### SUPPLIED DATA
━━━━━━━━━━

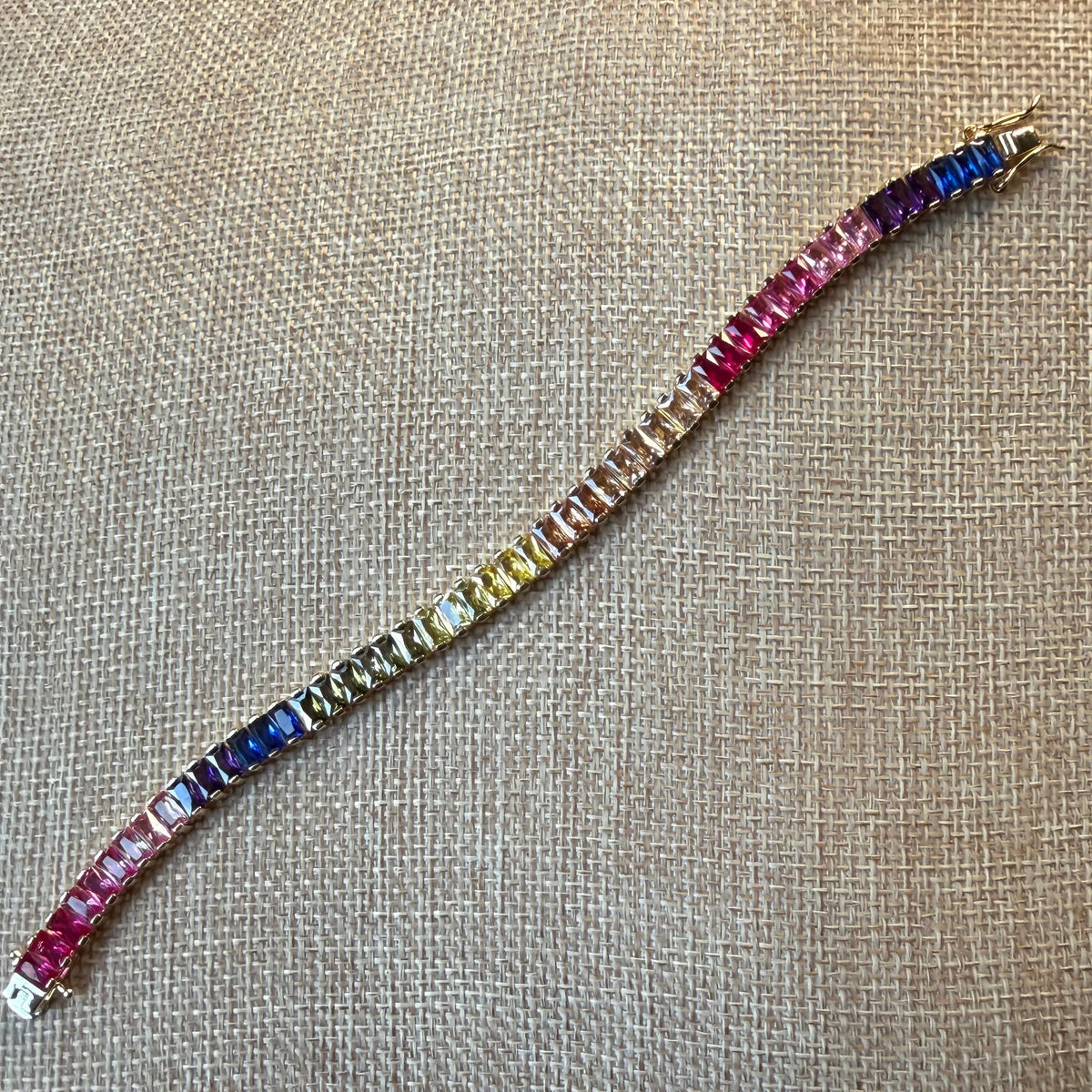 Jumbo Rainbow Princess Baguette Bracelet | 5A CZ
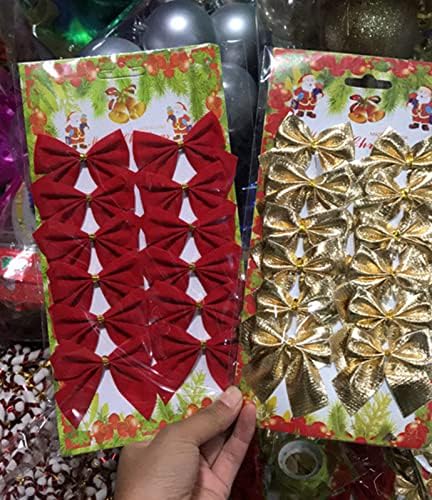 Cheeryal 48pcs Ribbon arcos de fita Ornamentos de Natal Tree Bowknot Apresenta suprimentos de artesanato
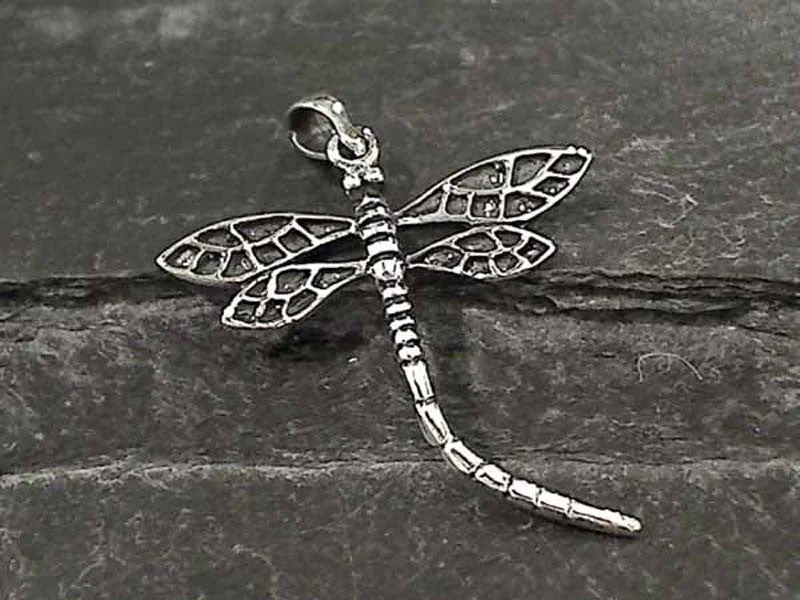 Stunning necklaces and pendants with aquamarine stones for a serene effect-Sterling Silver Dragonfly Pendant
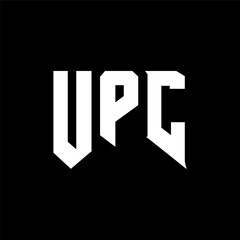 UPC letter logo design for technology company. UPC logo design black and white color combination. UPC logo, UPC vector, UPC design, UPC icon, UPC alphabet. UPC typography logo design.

━━━━━━━━━━

### WHAT TO DO
What is needed is a verbatim copy of the material, minus its pictures.

### SOLVED EXERCISE
 Jumbo Rainbow Princess Baguette Bracelet | 5A CZ
 Cheeryal 48pcs Ribbon arcos de fita Ornamentos de Natal Tree Bowknot Apresenta suprimentos de artesanato
 Stunning necklaces and pendants with aquamarine stones for a serene effect-Sterling Silver Dragonfly Pendant
 UPC letter logo design for technology company. UPC logo design black and white color combination. UPC logo, UPC vector, UPC design, UPC icon, UPC alphabet. UPC typography logo design.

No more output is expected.